Do you have experience with this and can shed some light on how I may import my data successfully? Is there maybe another way to import data .. do I need to do further data conversions (i.e. p tags can be imported when I replace them with paragraph tags) .. or is there something else I have not yet thought of?

Best wishes,
Rainer

Heath

Thursday 25 June 2009 1:50:43 am

We've done this before and published an example,
<i>http://svn.projects.ez.no/bcimportcsv/trunk/extension/bcimportcsv/bin/bccsvjoomlacontenttablehtmlimport.php</i>

The key here is to replace those tags.

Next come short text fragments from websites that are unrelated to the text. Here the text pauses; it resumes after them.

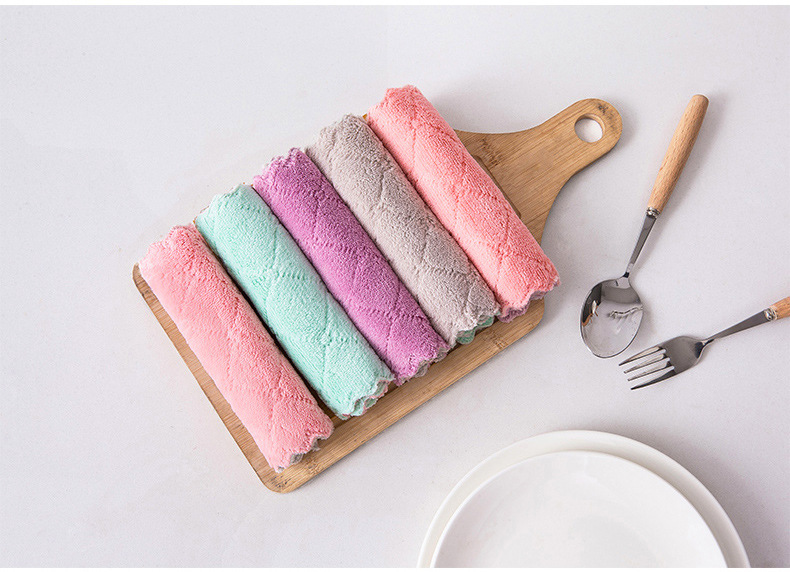 Double-Sided Thickened Dishwashing Cloth Household Kitchen Absorbent Cleaning Cloth Coral Velvet Decontamination Dish Towel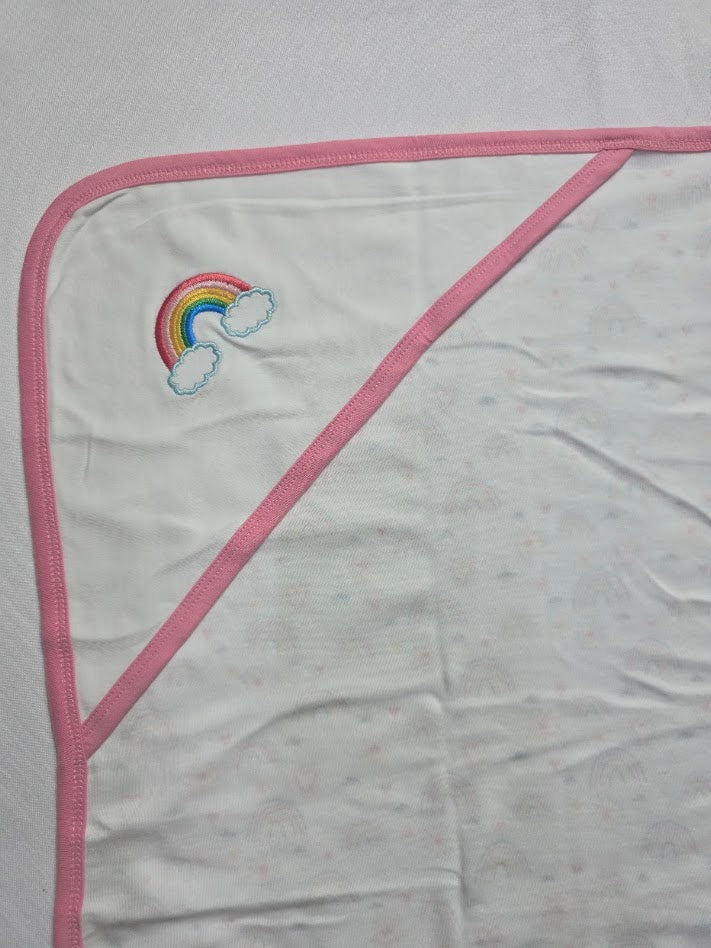 Baby's Hooder blanket - pink rainbow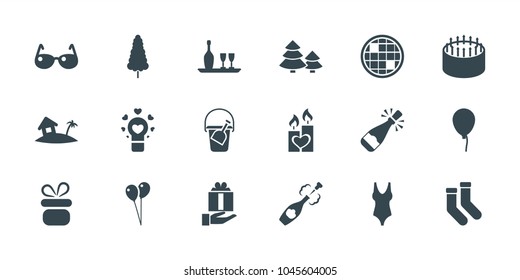 Holiday icons. set of 18 editable filled holiday icons: baloon, present, balloon, socks, cake, candle heart, champagne, home on island, wine bottle and glass, sunglasses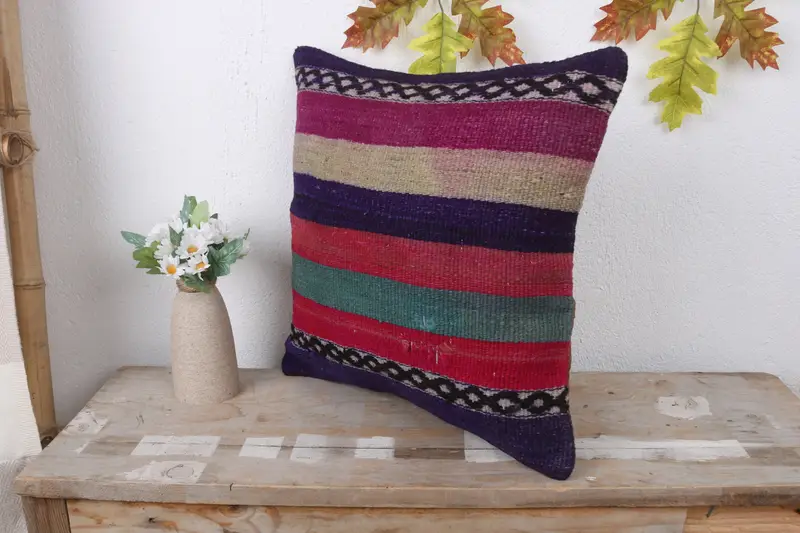 16x16 Red Pillow Cover, Cushion Cover, Nomadic Pillow Sham, Handmade Kilim Cushion, Indoor Pillow, Vintage Kilim Pillow, Kilim Cushion Sham - 4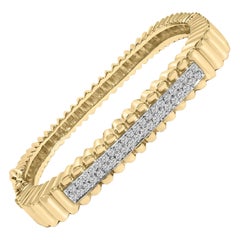 14K Yellow Gold 1 1/4 Cttw Diamond Ribbed Rounded Rectangle Bangle Bracelet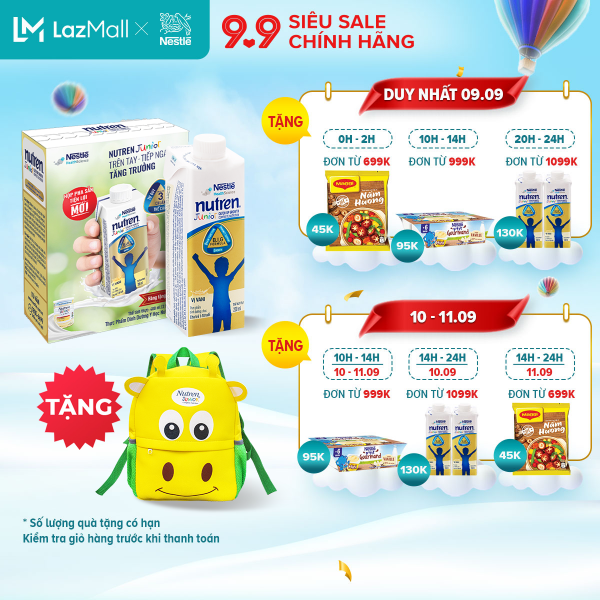 Combo 12 hộp Sữa dinh dưỡng pha sẵn Nutren Junior 200ml + Tặng balo hươu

Our example transforms variable html into valid ezxml (including replacing img and a tags with content object embeds).

Cheers,
Heath

Brookins Consulting | http://brookinsconsulting.com/
Certified | http://auth.ez.no/certification/verify/380350
Solutions | http://projects.ez.no/users/community/brookins_consulting
eZpedia community documentation project | http://ezpedia.org

André R.

Thursday 25 June 2009 5:36:34 am

Another idea is to use the html parser in Online Editor (5.0), since it already supports quite much (x)html. But I have not had any time to test it, so don't have any code examples other then the one in ezoe.
see: eZOEXmlInput::validateInput() in http://svn.projects.ez.no/ezoe/trunk/ezoe/ezxmltext/handlers/input/ezoexmlinput.php

It will not handle images though, as those are embed tags in ezxml, and you'll need to first import the image in eZ and add a id on the image tag in the form "eZObject_<object_id>".

eZ Online Editor 5: http://projects.ez.no/ezoe || eZJSCore (Ajax): http://projects.ez.no/ezjscore || eZ Publish EE http://ez.no/eZPublish/eZ-Publish-Enterprise-Subscription
@: http://twitter.com/andrerom

Rainer Krauss

Thursday 02 July 2009 12:13:41 am

Thank you, Heath and Andre.

Is there an overview on which HTML tags eZ Publish would accept, please?

André R.

Thursday 02 July 2009 12:59:11 am

The normal xml handler is documented here:
http://ez.no/doc/ez_publish/technical_manual/4_0/reference/xml_tags
It will accept <h[1-6]> in input as well as of 4.1.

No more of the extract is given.